[Scraped caption text data]
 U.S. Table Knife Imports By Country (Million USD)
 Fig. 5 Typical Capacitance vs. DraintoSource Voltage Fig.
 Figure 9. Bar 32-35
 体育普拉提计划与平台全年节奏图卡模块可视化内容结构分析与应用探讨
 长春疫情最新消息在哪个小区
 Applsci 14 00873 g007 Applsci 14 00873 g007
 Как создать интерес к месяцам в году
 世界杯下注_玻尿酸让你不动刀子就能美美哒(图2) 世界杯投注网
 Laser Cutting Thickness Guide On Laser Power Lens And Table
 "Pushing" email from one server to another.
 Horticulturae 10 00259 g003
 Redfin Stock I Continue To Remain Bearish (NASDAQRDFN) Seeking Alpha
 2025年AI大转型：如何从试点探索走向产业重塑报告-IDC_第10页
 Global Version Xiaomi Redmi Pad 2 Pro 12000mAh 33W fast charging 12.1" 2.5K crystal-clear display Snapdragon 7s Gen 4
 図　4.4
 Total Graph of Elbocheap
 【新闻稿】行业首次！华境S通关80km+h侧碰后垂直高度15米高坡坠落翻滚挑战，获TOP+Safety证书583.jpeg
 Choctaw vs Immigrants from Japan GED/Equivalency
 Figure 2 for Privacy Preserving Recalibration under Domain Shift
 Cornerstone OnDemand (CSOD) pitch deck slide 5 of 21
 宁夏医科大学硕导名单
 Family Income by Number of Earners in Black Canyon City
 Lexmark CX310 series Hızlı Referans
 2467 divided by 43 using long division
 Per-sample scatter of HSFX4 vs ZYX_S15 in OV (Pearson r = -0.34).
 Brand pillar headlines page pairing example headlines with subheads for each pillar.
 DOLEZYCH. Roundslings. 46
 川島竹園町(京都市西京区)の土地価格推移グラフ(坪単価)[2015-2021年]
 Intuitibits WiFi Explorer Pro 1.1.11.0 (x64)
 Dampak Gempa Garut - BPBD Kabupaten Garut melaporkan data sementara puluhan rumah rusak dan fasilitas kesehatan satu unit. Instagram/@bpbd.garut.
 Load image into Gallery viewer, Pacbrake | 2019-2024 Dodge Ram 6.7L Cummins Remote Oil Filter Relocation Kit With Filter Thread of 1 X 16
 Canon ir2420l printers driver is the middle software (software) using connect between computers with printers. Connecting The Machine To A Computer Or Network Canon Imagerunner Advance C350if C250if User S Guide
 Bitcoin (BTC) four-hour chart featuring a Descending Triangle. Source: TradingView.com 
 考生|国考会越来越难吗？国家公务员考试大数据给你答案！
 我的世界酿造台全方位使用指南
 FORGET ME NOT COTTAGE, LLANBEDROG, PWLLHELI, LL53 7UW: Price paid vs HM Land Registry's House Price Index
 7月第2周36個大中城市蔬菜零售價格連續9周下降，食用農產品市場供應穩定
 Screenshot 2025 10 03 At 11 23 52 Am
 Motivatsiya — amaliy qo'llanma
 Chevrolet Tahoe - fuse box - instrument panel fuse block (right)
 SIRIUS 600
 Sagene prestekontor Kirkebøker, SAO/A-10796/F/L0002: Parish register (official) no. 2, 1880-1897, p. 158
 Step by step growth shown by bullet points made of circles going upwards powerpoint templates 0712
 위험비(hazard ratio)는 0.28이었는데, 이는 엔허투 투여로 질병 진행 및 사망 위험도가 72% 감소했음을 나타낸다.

== Exercise prompt ==
Search the data above for the string "Table" and report each line that holds it.

== Written response ==
 U.S. Table Knife Imports By Country (Million USD)
 Laser Cutting Thickness Guide On Laser Power Lens And Table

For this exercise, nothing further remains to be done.